This time it is not the chance to end the conflict with the Arabs but to work with the international community to firmly establish the Jewish state's right and ability to exist.

By Ari Shavit / Published 01:24 21.04.11

Just like the Palestinians, we never miss an opportunity to miss an opportunity. Time after time, we reject the complex diplomatic proposal that has been placed on the table. Time after time, the next proposal is more difficult than its predecessor. Although time is against us, we recklessly refuse to realize this. We refuse today what we will ask for tomorrow and what will cause us regret the day after tomorrow.

In 1987, Israel did not move ahead on a peace agreement that might have have been signed with King Hussein. In 1991, Israel did not reach an autonomy agreement that it might have been able to reach with the Palestinian leadership in the territories. In 1993, Israel did not demand that mutual recognition between it and the Palestinian Liberation Organization be immediately turned into a final-status agreement. In 1995, Israel did not try to implement the Abbas-Beilin understandings. In 2002, Israel did not propose its own initiative to counter the Arab peace initiative. In 2005, Israel did not leverage disengagement to determine a defensible border that would divide the land.

Because of greed and hesitation, we always did too little too late. Because we tried to have it all, we have attained little. Because we tried to expand our border, we have narrowed it. Deplorable foot-dragging has caused us irreversible diplomatic damage.

Make no mistake: It is not at all certain that at any one of the tests over the past quarter-century, Israel had a partner. It is unclear whether King Hussein, Faisal Husseini, Yasser Arafat, Mahmoud Abbas and the Arab League were partners for peace. But the moment to test Husseini was the year of the Madrid Conference. The moment to test Arafat was the great summer of Oslo. The moment to test Abbas was the winter after Rabin's assassination. The right time to test the Arab League and the international community would have been right after disengagement. Israel did not act at the right time and the right place to put its enemies and allies to the true test.

The outcome is an avalanche. The more time that passes, the more the Jewish national movement retreats and the stronger the Palestinian national movement becomes. International support for Zionism has eroded while Israel's security and demographic situation grows worse.

What Israel could have gotten from Jordan we are unlikely to get from the PLO and will not be able to get from Hamas. What we could have gotten from Clinton, it is doubtful we can get from Obama and impossible to get from his successors. What we could have gotten from the international community in exchange for a major withdrawal in 1990, in 2000 and in 2005, we cannot get now. The slope is not only slippery, it is also steep.
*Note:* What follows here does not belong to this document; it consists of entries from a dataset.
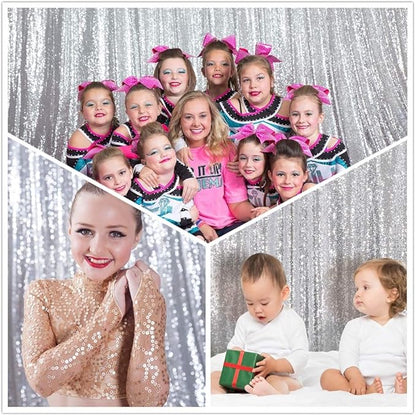 Eternal Beauty Silver Sequin Backdrop, 4x6 Ft Glitter Background Curtains for Shimmer Photography Party Wedding Birthday Back Drop Decor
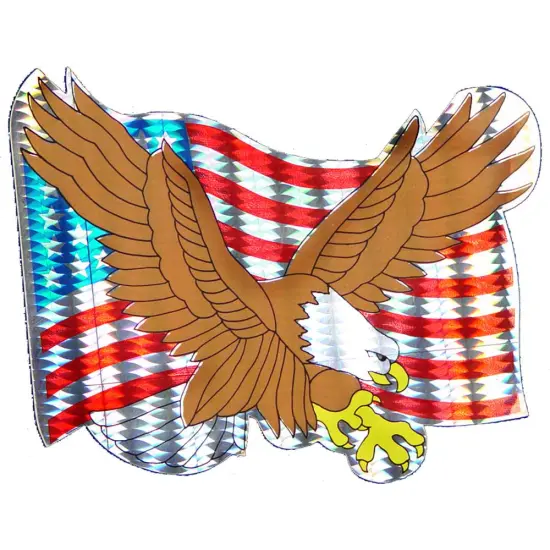 American Flag & Bald Eagle Sticker 12" {1}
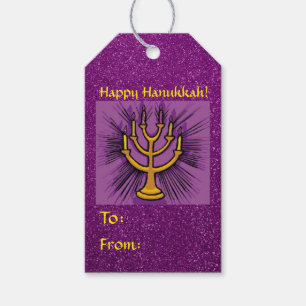 Gelbe Menorah Lila Imitate Glitzer Geschenkanhänger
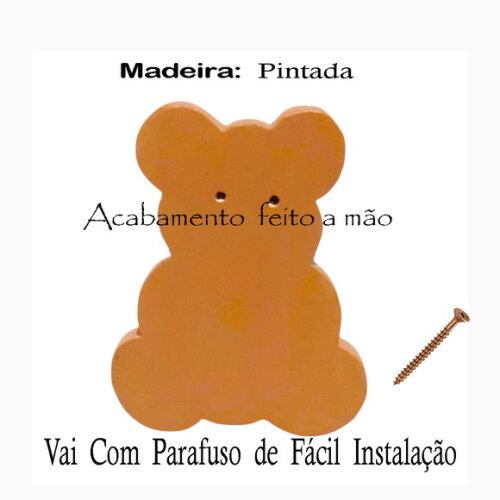 Puxador Ursinho, Kit com 6 Unidades Decoração Quarto Bebe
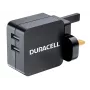 Duracell 2x2,4A cargador USB para teléfono/tablet, interior, AC, 5 V, negro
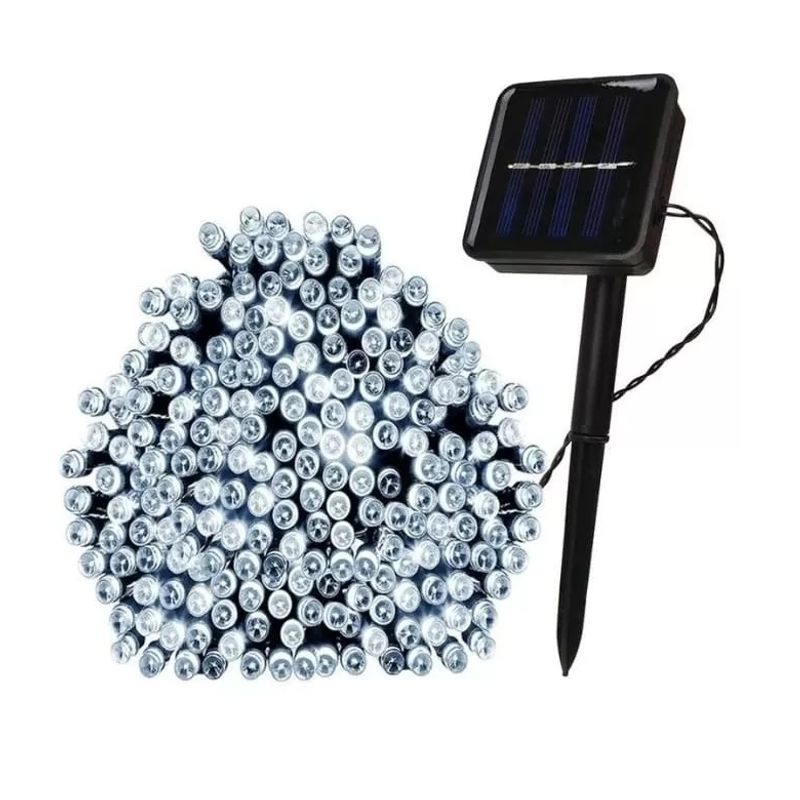 GENERICO - Luces Solares Guirnalda 200 Led Blanco Frio 20 Metros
Prime Minister Benjamin Netanyahu should understand the process well. The statesman who was once a Greater Land of Israel man now has the views of one of Labor's early predecessors, Ahdut Ha'avoda. His fondest dream is the Allon Plan to partition the West Bank. His red lines are Rabin's lines. What deputy foreign minister Netanyahu rejected point-blank in 1991, Prime Minister Netanyahu is enthusiastically prepared to adopt in 2011. But even during his two years in leadership, Netanyahu has continued to stall and stall - and stall. He did not produce a daring diplomatic plan following his Bar-Ilan speech. He did not propose the establishment of a demilitarized and limited Palestinian state last summer. He allowed Obama, Abbas and time to wreak havoc on him. He brought Israel to a point in which time, which is working against it, could be its undoing.

The opportunity of the summer of 2011 differs from all previous ones. This time, it is not a chance to make peace, but to avoid defeat; not the chance to end the conflict with the Arabs but to work with the international community to firmly establish the Jewish state's right and ability to exist. But to implement even this modest opportunity, we will have to pay. It must be made clear that Israel will not rule over another people, and that under the right conditions and at the right time, Israel will withdraw to adjusted 1967 borders. The payment required is costly and painful. For Prime Minister Netanyahu, the chance of the summer of 2011 is the last chance.